A quality risk rating tool takes cognisence of not only the governance structure and culture of the FSP, but also the methods of product distribution, servicing, advertising, the range and extent of licenses and sub licenses, and the FSP’s branch infrastructure. The accessibility and content of off-site data and client communications is also an aspect that can have a material impact on the desired monitoring programme.
It follows that a ‘desk quote’ from a compliance practice can hardly be reassuring to the Directors, and indeed may well be indicative of an inferior compliance programme being offered. Most will agree that if a job is to be done, it has to be done properly. Niki Zotou, as head of Robert Walters’ legal division in New York, included the following words in his summing up of compliance:
“The most effective line of defence a corporation can implement against regulatory sanction is an efficient and effective compliance program. An efficient and effective compliance program is not attainable without the right compliance officer.”

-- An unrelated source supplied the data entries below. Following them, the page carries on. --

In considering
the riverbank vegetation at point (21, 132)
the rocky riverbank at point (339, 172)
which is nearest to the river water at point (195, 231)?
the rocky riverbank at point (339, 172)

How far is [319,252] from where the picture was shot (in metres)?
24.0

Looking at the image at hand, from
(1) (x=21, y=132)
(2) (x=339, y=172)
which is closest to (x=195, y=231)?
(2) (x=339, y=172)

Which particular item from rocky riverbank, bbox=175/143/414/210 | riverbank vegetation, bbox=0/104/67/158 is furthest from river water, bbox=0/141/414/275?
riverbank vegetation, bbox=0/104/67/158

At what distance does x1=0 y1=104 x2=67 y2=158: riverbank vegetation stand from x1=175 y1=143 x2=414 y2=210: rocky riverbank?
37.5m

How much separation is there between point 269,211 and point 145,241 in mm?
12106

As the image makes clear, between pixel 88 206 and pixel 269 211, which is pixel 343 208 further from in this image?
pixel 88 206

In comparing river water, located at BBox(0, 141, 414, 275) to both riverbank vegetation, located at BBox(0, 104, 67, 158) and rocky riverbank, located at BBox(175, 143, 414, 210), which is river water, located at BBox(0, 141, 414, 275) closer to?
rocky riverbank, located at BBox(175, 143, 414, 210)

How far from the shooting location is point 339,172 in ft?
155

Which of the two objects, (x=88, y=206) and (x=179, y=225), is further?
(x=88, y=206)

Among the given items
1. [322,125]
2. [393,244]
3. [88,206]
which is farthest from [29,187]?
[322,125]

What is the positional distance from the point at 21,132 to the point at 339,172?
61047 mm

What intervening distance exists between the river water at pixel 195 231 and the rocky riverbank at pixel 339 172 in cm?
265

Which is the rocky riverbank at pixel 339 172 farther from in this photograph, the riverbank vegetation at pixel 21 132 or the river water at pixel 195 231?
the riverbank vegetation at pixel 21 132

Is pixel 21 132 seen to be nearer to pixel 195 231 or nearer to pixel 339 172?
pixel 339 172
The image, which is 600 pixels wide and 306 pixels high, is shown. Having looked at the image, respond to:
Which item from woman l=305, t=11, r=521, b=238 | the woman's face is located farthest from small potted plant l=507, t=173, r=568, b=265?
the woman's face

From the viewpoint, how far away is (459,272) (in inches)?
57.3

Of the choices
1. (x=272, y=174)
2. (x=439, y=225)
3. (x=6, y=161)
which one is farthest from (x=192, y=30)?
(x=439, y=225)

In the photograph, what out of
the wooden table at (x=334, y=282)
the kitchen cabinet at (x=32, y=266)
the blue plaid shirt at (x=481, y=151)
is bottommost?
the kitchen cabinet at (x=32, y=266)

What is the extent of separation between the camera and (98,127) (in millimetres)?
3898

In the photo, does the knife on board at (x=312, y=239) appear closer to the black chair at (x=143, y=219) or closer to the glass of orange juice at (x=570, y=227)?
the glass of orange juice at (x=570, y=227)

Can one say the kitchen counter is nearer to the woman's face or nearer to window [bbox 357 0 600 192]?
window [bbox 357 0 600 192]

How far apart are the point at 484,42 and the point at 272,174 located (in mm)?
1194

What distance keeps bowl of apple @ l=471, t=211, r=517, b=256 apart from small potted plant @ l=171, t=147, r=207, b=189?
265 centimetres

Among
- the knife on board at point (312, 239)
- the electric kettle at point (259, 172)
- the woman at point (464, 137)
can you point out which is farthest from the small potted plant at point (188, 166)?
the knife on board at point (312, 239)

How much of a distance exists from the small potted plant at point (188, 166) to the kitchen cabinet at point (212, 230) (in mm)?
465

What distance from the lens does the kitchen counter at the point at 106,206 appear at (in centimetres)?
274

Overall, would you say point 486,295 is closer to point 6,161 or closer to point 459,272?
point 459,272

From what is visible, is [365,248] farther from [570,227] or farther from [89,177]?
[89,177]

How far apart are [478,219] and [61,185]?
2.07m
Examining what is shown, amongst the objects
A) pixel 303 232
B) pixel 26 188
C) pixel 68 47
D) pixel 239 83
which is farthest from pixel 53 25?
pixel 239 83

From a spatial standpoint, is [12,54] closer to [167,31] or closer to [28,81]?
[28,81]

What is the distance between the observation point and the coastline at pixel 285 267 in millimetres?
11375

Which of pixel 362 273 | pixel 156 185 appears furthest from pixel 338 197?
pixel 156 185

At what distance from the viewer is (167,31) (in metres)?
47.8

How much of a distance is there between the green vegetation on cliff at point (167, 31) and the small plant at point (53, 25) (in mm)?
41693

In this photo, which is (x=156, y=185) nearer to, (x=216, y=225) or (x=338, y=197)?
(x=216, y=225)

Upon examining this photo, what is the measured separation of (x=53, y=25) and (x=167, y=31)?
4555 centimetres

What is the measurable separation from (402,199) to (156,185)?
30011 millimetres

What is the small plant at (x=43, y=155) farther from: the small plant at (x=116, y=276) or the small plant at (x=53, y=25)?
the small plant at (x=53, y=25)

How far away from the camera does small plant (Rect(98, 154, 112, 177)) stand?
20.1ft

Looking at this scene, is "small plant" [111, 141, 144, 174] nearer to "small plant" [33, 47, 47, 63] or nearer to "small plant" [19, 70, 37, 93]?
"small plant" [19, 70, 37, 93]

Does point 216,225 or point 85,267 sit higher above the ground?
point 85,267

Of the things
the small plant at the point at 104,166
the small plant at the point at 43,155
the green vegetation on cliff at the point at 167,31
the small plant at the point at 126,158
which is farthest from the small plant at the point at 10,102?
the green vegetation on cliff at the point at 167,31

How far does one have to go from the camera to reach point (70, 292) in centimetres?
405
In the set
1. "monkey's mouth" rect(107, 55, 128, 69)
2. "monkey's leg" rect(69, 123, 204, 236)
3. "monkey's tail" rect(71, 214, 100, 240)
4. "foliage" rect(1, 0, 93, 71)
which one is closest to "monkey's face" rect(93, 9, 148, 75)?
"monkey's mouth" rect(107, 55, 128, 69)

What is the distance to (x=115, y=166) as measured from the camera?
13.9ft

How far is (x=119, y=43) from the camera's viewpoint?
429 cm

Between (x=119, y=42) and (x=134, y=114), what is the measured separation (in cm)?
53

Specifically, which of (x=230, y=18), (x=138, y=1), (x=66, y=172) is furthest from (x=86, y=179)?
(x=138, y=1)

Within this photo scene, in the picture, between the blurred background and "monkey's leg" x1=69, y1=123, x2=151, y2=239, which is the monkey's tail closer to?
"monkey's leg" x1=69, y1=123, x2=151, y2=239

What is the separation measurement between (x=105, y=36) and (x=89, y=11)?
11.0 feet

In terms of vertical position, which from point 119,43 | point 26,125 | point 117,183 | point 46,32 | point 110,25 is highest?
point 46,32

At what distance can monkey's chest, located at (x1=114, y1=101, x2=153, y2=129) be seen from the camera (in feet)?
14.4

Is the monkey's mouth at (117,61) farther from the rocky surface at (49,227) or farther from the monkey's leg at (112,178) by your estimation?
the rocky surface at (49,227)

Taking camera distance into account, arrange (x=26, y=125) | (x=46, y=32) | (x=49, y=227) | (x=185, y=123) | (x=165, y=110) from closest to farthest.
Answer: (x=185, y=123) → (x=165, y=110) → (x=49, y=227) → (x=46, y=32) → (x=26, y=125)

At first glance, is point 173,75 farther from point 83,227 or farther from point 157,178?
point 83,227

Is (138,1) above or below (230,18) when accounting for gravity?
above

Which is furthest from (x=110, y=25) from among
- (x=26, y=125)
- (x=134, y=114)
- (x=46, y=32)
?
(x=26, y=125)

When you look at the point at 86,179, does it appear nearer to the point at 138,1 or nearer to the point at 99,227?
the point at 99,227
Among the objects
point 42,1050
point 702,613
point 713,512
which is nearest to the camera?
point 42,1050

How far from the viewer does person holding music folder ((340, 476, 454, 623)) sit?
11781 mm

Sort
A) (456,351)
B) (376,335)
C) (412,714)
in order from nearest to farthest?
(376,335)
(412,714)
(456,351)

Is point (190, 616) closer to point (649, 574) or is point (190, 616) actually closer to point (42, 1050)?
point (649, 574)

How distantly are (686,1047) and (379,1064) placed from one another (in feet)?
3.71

In the same way that an insurer will not quote for a risk until the underwriter understands what it entails, or a broker will not provide advice without conducting a needs analysis, a compliance officer is unable to provide a ‘quote’ for compliance in the absence of a full exploratory discussion.
In choosing a compliance officer, it is suggested that an FSP (or insurer for that matter) ensures that some form of risk rating matrix, constantly upgraded as and when the regulation changes or when the FSB publishes their interpretations of the insurance laws, is used by the compliance officer concerned.